The commission's annual review decision takes the minimum wage to
$740.80 a week or $19.49 an hour.
The 3 per cent increase will apply to workers who have their pay set by the
national minimum wage or a modern award.
Delivering the decision, Fair Work Commission (FWC) president Iain Ross
said the economic conditions justified a lower increase than the 3.5 per cent
pay rise awarded last year.
Cont.
"We are satisfied the level of increase we have decided upon will not
lead to any adverse inflationary outcome and nor will it have any
measurable negative impact on employment," said Justice Ross.
"However, such increases will mean an improvement in the real wages
of employees who are reliant on minimum wages and an improvement
in their living standards."
The Australian Council of Trade Unions, which had called for a larger 6
per cent or $43 a week increase, labelled it a win for workers but said it
was not enough to be considered a 'living wage'.
Cont.
"This is a welcome pay rise for millions of low paid workers, especially in the face of
further penalty rate cuts in a few weeks," said ACTU assistant secretary Liam
O'Brien.
"We have a long way to go to ensure that the minimum wage is enough for workers to
live on and support their families.”
Justice Ross acknowledged that while living standards for the lowest paid workers
had improved, some continue to experience "significant disadvantage".
"Some low paid, award-reliant employee households have disposable incomes which
are less than the 60 per cent of median income relative poverty line," he said.
"This is unacceptable in a country like Australia. Australian workers should be able to
work full time hours and live free from poverty," said Mr O'Brien.
Cont.
No measurable impact on jobs: FWC
Business groups had called for smaller pay rises, arguing larger
increases could put jobs at risk.
However, FWC president Iain Ross said data shows the labour market
remains strong, despite slowing economic growth and previous pay
rises.
"No party identified any data which demonstrated adverse employment
effects arising from the previous two review decisions," said Justice
Ross, referring to the previous 3.3 per cent and 3.5 per cent increases.
Cont.
The Australian Chamber of Commerce and Industry (ACCI), which
argued for an increase of no more than 1.8 per cent, maintained that jobs
and the viability of some small businesses could be at risk.
"It's harder for small businesses in particular, it's harder for the
unemployed, and it's tougher for the underemployed," said ACCI chief
executive James Pearson.
The Australian Industry Group, which had called for a 2 per cent
increase, said it was pleased the FWC had returned to a "more moderate
level" compared to the previous two years' increases.
Cont.
"The impact of a 3 per cent wage increase on employers should not be
underestimated.
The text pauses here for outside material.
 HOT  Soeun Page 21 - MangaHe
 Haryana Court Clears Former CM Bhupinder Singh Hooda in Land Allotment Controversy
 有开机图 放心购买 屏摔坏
The economy has slowed, businesses are struggling to
cope with high and rising input costs, especially energy costs," said Ai
Group chief executive Innes Willox.
"It is to be hoped that the Fair Work Commission has struck the right
balance."
The decision comes as wage growth remains stuck around historically
low levels, with the Bureau of Statistics' latest Wage Price Index
showing annual wage growth of 2.3 per cent for the third quarter in a
row.
Cont.
In February, Reserve Bank governor Philip Lowe told a parliamentary
committee a 3.5 per cent increase in the minimum wage would make
sense and argued stagnant household incomes were a threat to consumer
spending.
"Many people borrowed assuming their incomes would grow at the old
rate and they haven't," he said.
"They're having more difficulty, they've got less free cash and so they
can't spend, so this is why I've put so much emphasis on the need for a
pick-up in wage growth."
Key points
• Australia will increase its minimum wage by 3% from $18.93 to $19.49 on 1 July
2019 (“$” represents AUD unless otherwise stated)
• The increase will affect around 2.2 million workers currently employed at
minimum wage or modern awards
• The increase is lower than the 3.5% increase last year
• The Fair Work Commission states that the increase will not cause measurable
adverse effects on employment and inflation
• Unions expressed their support for the pay rise, though criticized it for bring
insufficient
• Business groups argue that the increase will harm businesses and workers alike,
instead calling for a lower 1.8% increase
Minimum wage
W
• A method of controlling wages S
by setting a limit on the
Wmin2
minimum wage that can be
charged by workers Wmin1
• Objective: to raise the wage of W*
workers
• For minimum wage to be
effective, it must be set above
D
the market equilibrium price
L
0 Qd2 Qd1 Q* Qs1 Qs2
Objectives
W
• Increase the minimum wage of S
workers (unskilled) improve
Wmin2
living standard Increase in minimum wage
• Improve income equality Wmin1
W*
• (Bonus: to facilitate inflation
 Reserve Bank of Australia:
“annual wage increases of 3%
and higher are needed to
D
achieve average inflation of
L
2.5%”) 0 Qd2 Qd1 Q* Qs1 Qs2
Effect on market
W
 Increase in wage: S

• W*  Wmin1 ($18.93) Wmin2

• Wmin1  Wmin2 ($19.49)


Wmin1
W*

D
L
0 Qd2 Qd1 Q* Qs1 Qs2
Effect on market
W
 Decrease in quantity S
transacted:
Wmin2
• Q*  Qd1 (Qt1)
Wmin1
• Qd1 (Qt1)  Qd2 (Qt2) W*
•  Employment decreases

D
L
0 Qd2 Qd1 Q* Qs1 Qs2
Consequences for stakeholders
Effect on workers
W
 Change in total wage earnings S
is uncertain
Wmin2
• Better off for those who can  Increase in total earnings
keep their jobs  income Wmin1
increases W*

• Worse off for those made


redundant  income decreases  Decrease in total earnings
(esp. low-skilled)
D
•  discrimination in labour
L
market (unskilled, elder workers 0 Qd2 Qd1 Q* Qs1 Qs2
may lose their jobs)
But…
• As mentioned earlier, the FWC claims that:
"We are satisfied the level of increase we have decided upon will not
lead to any adverse inflationary outcome and nor will it have any
measurable negative impact on employment," said Justice Ross.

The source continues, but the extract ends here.